EF -> 3,0,2,r,4 -> (Save "@domains" for ruleset "D".)
EF -> 3,1,4 -> ($f) -> 3,D,1,S,4 -> ($g) -> New EF

ET -> 3,0,2,R,4 -> A/F -> SMTP delivery ? Yes: -> 3,D,2,R,4 -> New ET
 ^                  v                      No: -> New ET
 +--- <------ <-----+

MF -> 3,D,1,S,4 -> New MF
MT -> 3,D,2,R,4 -> New MT

A/F == Aliasing and .forward file processing for Local addresses
($?) == Definition of $? macro.

EF == Envelope "From:" address
ET == Envelope "To:" address
MF == Message From-type addresses
MT == Message To-type addresse

R == Mailer (determined per ET) "Recipient" ruleset
r == Mailer (determined from EF) "Recipient" ruleset
S == Mailer (determined per ET) "Sender" ruleset
D == Application of "@Domains" saved from the EF, if EF mailer flag 'C'
     is given and the address doesn't already have @domains applied.

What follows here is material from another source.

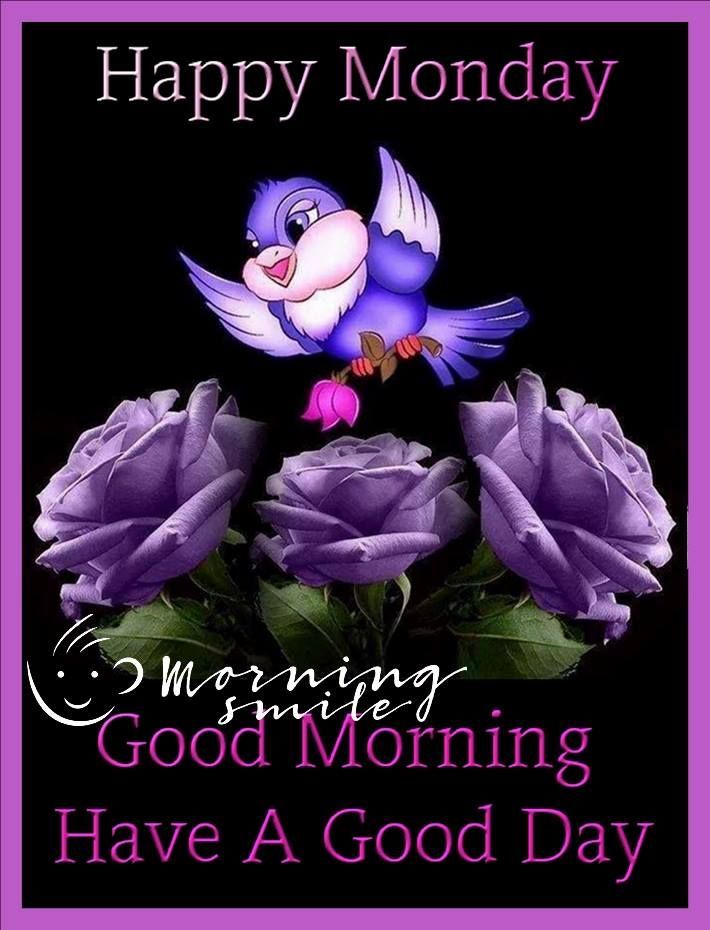 Purple Bird Rose Good Morning Monday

Message headers associated with From-type addresses:
	Errors-To:	Resent-From:		Return-Receipt-To:
        From:		Resent-Reply-To:	Sender:
	Reply-To:	Resent-Sender:

Message headers associated with To-type addresses:
	To:		Cc:		Bcc:
	Resent-To:	Resent-Cc:	Resent-Bcc:

Approximate High-level sendmail ruleset processing algorithm:
The actual process is a bit more complicated;  Showing that here
would only confuse things...
 1.) Process EF for "@domains" and upto ($f).
 2.) Process all ETs upto the A/F point (including additional ETs
     resulting from the A/F processing of the local addresses)
     producing a list of ET address 3-tuples; (mailer, host, user).
 3.) Foreach ET address 3-tuple:
      a.) Define $h and $u macros:  host -> ($h), user ->($u)
      b.) Finish EF processing from $f yielding New EF for this ET.
      c.) Finish ET processing for this tuple yielding New ET.
      d.) Connect to mailer.
      e.) Do MF/MT processing as the message is written to the mailer.

Notes:
 1.) After ruleset 0 processing, only the "user" part is passed on
     to the other rulesets for further re-writing.
 2.) It is often useful to think of a "mailer" as the network or transport
     mechanism being chosen for the next hop the message will take.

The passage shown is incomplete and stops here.